___ DATA
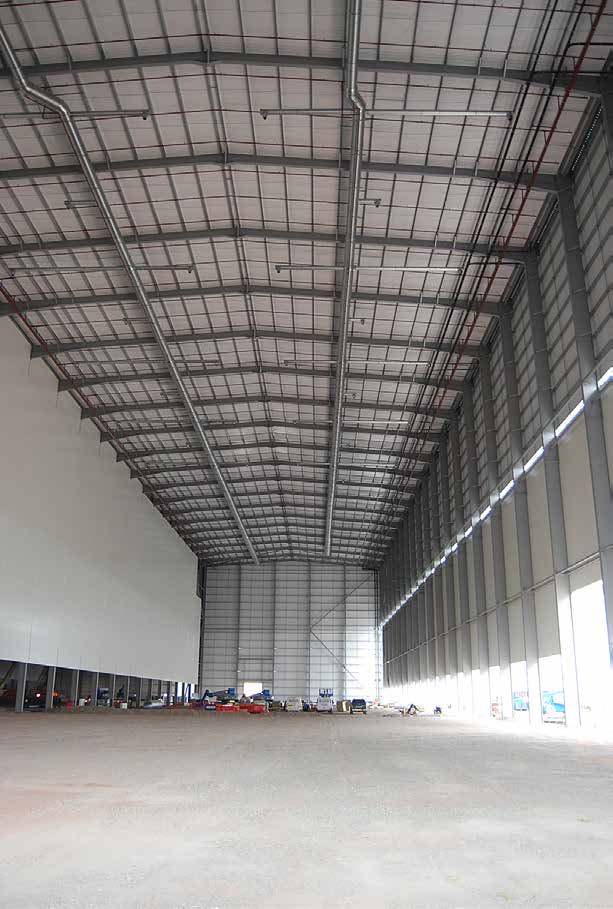 Plot Three is divided into high-bay and low-bay areas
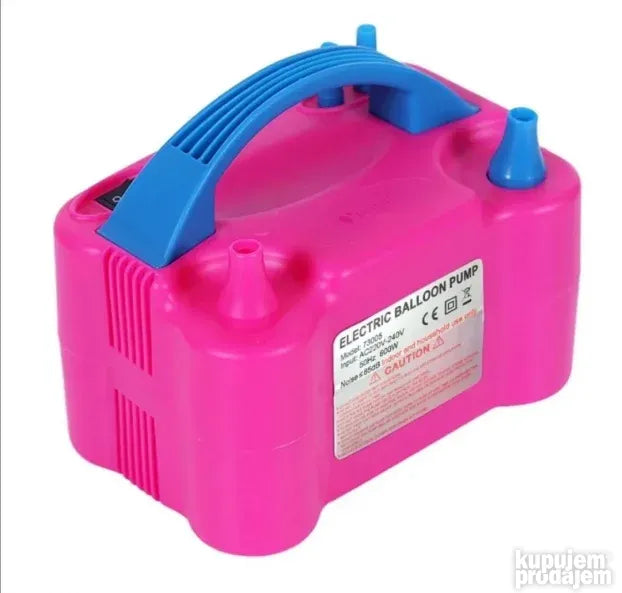 Pumpa za balone elektricna sa dve mlaznice Pumpa za balone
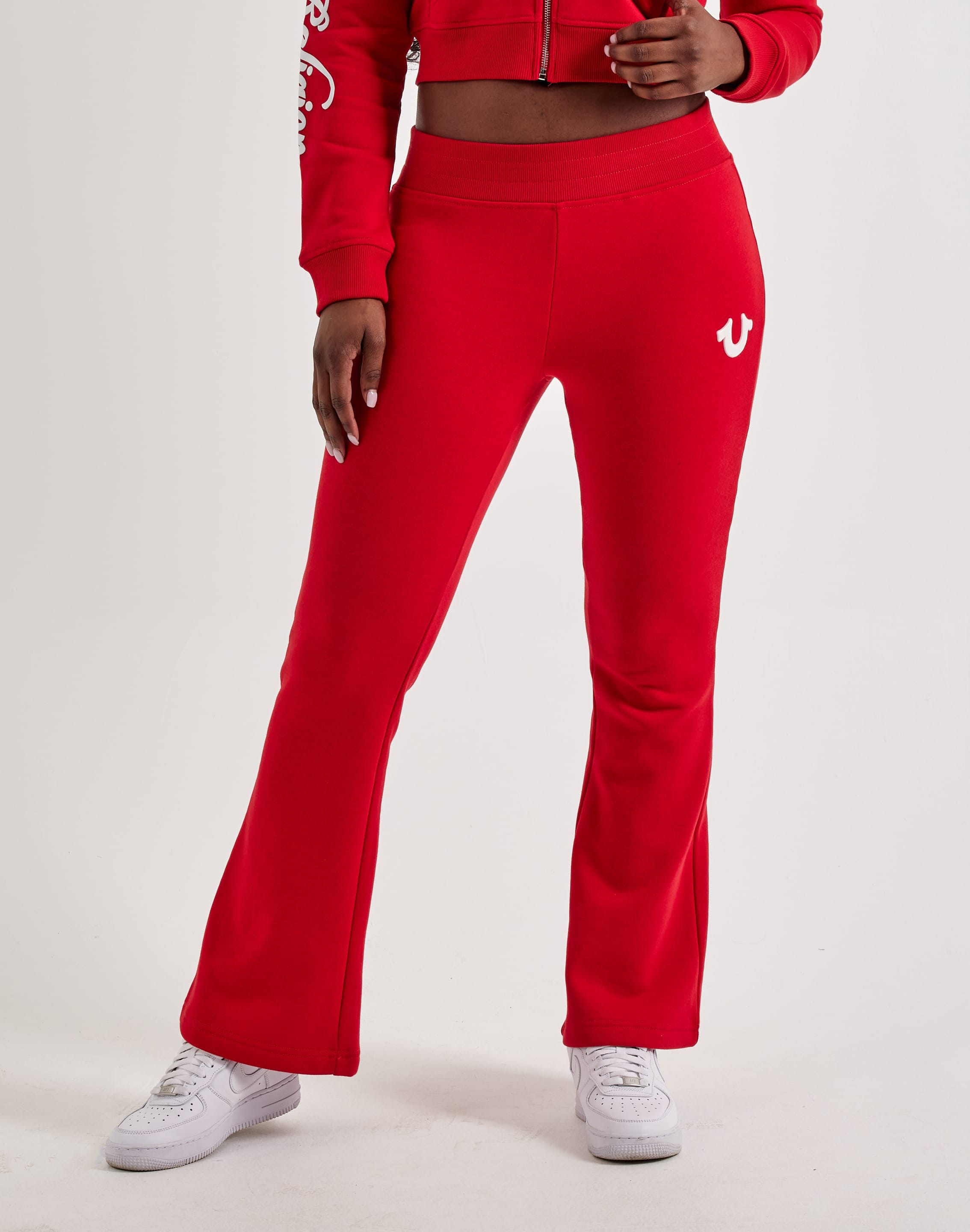 True Religion Mid-Rise Bootcut Fleece Sweatpants True Religion Mid-Rise Bootcut Fleece Sweatpants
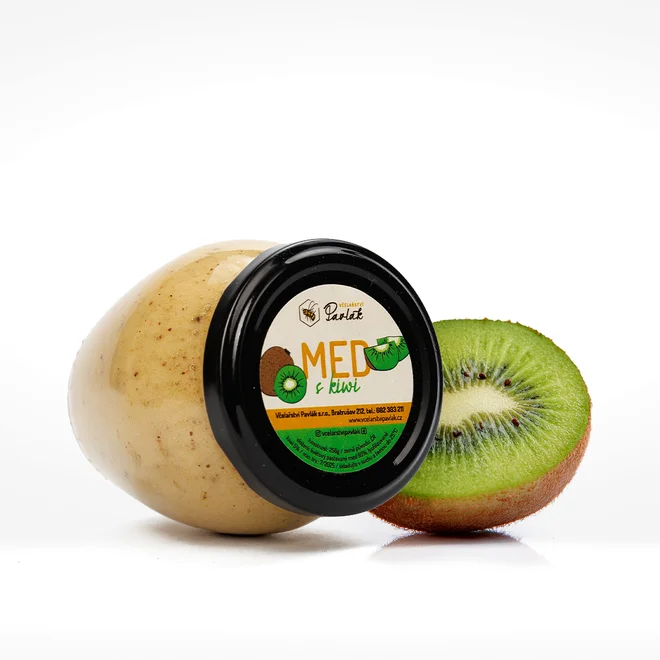 Pastovaný med českej výroby (kiwi)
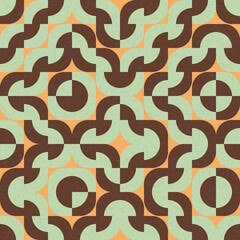 Abstract Geometric Pattern generative computational art illustration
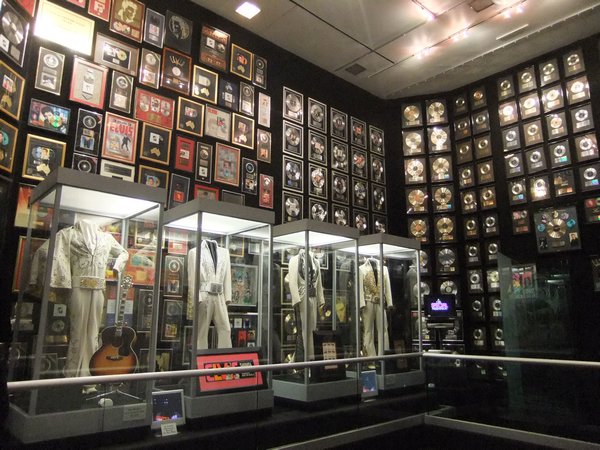 Elvis' award collection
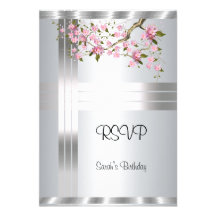 RSVP sweet 16 Birthday Invitation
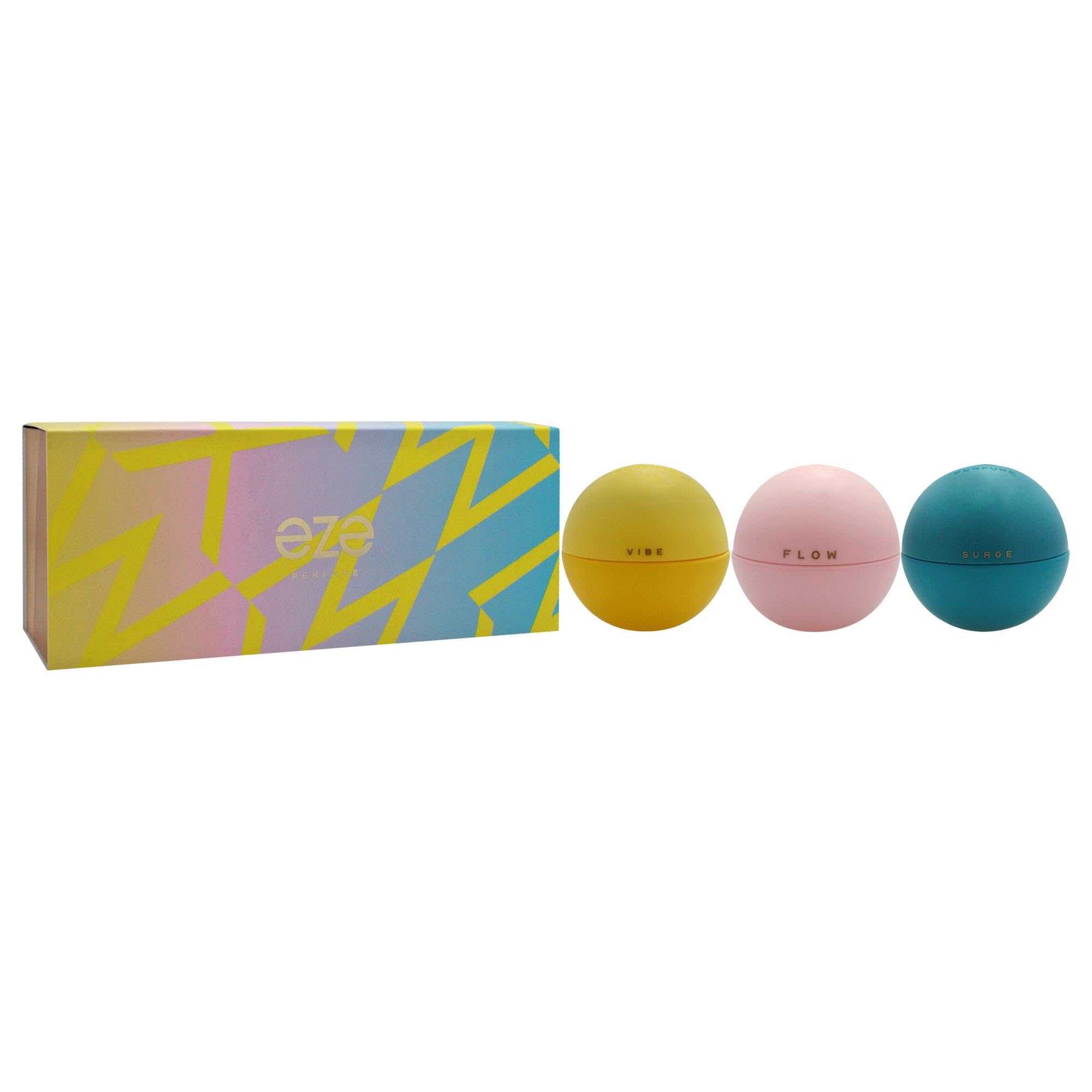 Foto 4 pulgar | Set De Regalo Perfume Eze De 3 Piezas Para Edp Unisex  30 Ml  Surge  Flow  Vibe - Venta Internacional.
______
Each line from the one with "Pumpa za balone elektricna" through the final line of the records must be copied exactly, with no pictures and no additional lines.

** ANSWER TO THIS TASK **
 Pumpa za balone elektricna sa dve mlaznice Pumpa za balone
 True Religion Mid-Rise Bootcut Fleece Sweatpants True Religion Mid-Rise Bootcut Fleece Sweatpants
 Pastovaný med českej výroby (kiwi)
 Abstract Geometric Pattern generative computational art illustration
 Elvis' award collection
 RSVP sweet 16 Birthday Invitation
 Foto 4 pulgar | Set De Regalo Perfume Eze De 3 Piezas Para Edp Unisex  30 Ml  Surge  Flow  Vibe - Venta Internacional.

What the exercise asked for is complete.